Celibato sacerdotale

Da Wikipedia, l'enciclopedia libera.

Il termine celibato ecclesiastico fa riferimento a una prassi consolidata nella Chiesa cattolica (e in altre chiese): possono ricevere gli ordini sacri, e diventare presbiteri o vescovi, soltanto quei battezzati che sono chiamati al celibato per il regno dei Cieli, oppure i vedovi non risposati.

Origini[modifica | modifica wikitesto]

Il celibato è una conseguenza fondata e legittima [senza fonte]della prospettiva evangelica. Su celibato e continenza Gesù Cristo pronunciò parole nette e inequivocabili. Matteo evangelista scrive (Matteo 19,29): “… Chiunque abbia lasciato in mio nome case o fratelli, sorelle, padre, madre, figli o campi, otterrà cento volte di più e la vita eterna”. Molto simile è anche Marco 10,29: “In verità, vi dico: non c’è nessuno che abbia lasciato casa o fratelli o sorelle o madre o padre o figli o campi per causa mia che non riceva cento volte tanto…”. Ancora più preciso è Luca 18, 29-30: “In verità, io vi dico: chiunque abbia abbandonato per il Regno di Dio casa o moglie, fratelli, genitori o figli, riceverà già ora in cambio molto di più e, nel mondo futuro, la vita eterna”.
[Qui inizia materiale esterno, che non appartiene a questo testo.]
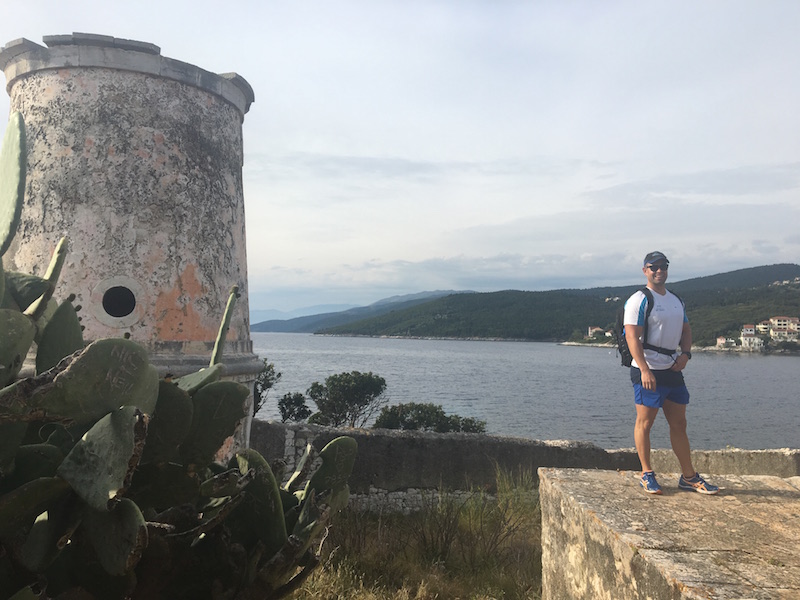 Henlu standing by the old fort on Day one's hike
Se Gesù non prese mai moglie, alcuni tra gli apostoli erano sposati o lo erano stati prima di conoscere Gesù (ad esempio San Pietro, di cui si nomina la suocera). San Paolo elogiò sia il matrimonio sia il celibato, ma invitò i fedeli a essere, come lui stesso, celibi per svolgere la missione: «Ai non sposati e alle vedove dico: è cosa buona per loro rimanere come sono io; ma se non sanno vivere in continenza, si sposino; è meglio sposarsi che ardere» (7,8-9). Nella stessa lettera pronunciò il seguente appello: «Perché io vi dico, fratelli: il tempo è breve. Per questo, chi ha una moglie deve in futuro comportarsi come se non ne avesse una…». E ancora: «Il celibe si preoccupa delle questioni del Signore; vuole piacere al Signore. L’ammogliato si preoccupa delle cose del mondo; vuole piacere a sua moglie. Così finisce per essere diviso in due» (7,29-32). Con queste parole San Paolo si rivolgeva in primo luogo a vescovi e sacerdoti ed egli stesso si sarebbe attenuto a questo ideale. In altre lettere richiese che i vescovi fossero sposati con una sola moglie e con figli ubbidienti: «Ma bisogna che il vescovo sia irreprensibile, non sposato che una sola volta, sobrio, prudente, dignitoso, ospitale, capace di insegnare […] Sappia dirigere bene la propria famiglia e abbia figli sottomessi con ogni dignità, perché se uno non sa dirigere la propria famiglia, come potrà aver cura della Chiesa di Dio?» (1 Timoteo 3,2-5).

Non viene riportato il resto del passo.